Pemerintah Ngebut Susun Aturan

”Kami secara resmi belum menerima proposal dari pak Menteri ESDM. Jadi saya tidak mau berspekulasi. Kita tunggu saja proposal, setelah ada, baru kita buat payung hukumnya,” ujarnya di Kantor Kemenkoperekonomian, kemarin.

Terpisah, Dewan Energi Nasional merekomendasikan pemungutan DKE dilakukan secara menyeluruh. Jadi, tidak hanya pada premium dan solar. Melainkan juga pada pertamax series, termasuk produk yang dijual SPBU asing seperti Shell dan Total. ’’Dalam jangka panjang, bisa diterapkan ke seluruh sumber energi fosil,’’ ujar anggota DEN Rinaldy Dalimi.

Lebih lanjut dia menjelaskan, DEN mendukung sepenuhnya rencana pemerintah memungut DKE. Sebab, muara dari kebijakan itu juga untuk masa depan Indonesia yang lebih baik. Namun, karena DKE selalu dikaitkan dengan premi pengurasan (depletion premium) harus memiliki cakupan yang lebih luas.

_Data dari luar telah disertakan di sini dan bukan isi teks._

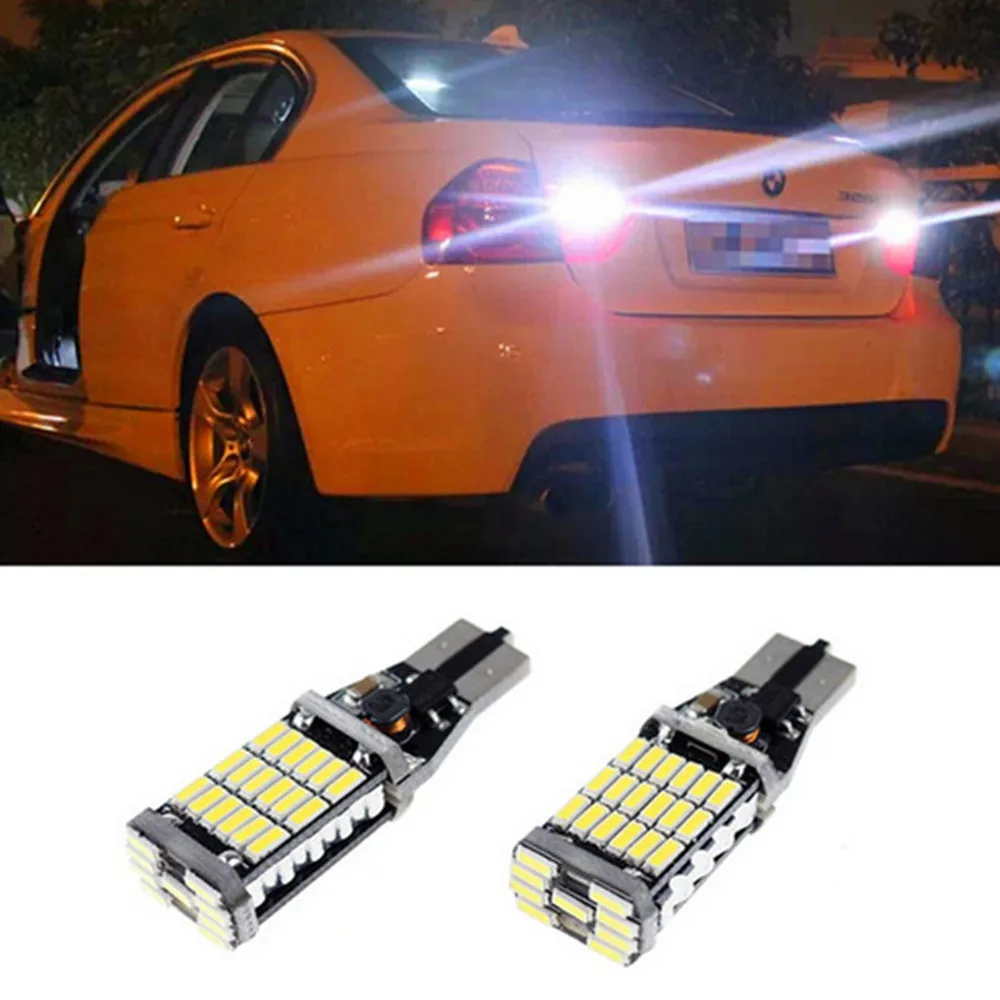 2 шт. Автомобильные светодиодные лампы 4014 45SMD 921 912 T10 T15 W5W|Сигнальная лампа| |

Dalam Kebijakan Energi Nasional (KEN), Rinaldy menyebut definisi premi pengurasan adalah dana yang disisihkan dan diambil dari setiap eksploitasi sumber daya alam yang tidak terbarukan. Pungutan untuk mempertahankan keberlanjutan sumber daya energi itu dilakukan pada sisi hulu.

’’DKE lebih luas karena dipungut dari hilir, cakupannya lebih luas dari amanat KEN,’’ terangnya. Lantaran meminta agar seluruh sektor energi juga dipungut DKE, dia menyebut terbuka kemungkinan menarik dana dari sektor tambang. Misalnya, pertambangan batubara.

Meski memberikan dukungan, DEN yang dipimpin langsung Presiden Jokowi mengingatkan soal aturan. Dia menyebut PP 79/2014 yang juga dijadikan dasar oleh Menteri ESDM Sudirman Said kurang tepat. Alasannya, aturan itu membawahi premi pengurasan yang ditujukan untuk penarikan sektor hulu.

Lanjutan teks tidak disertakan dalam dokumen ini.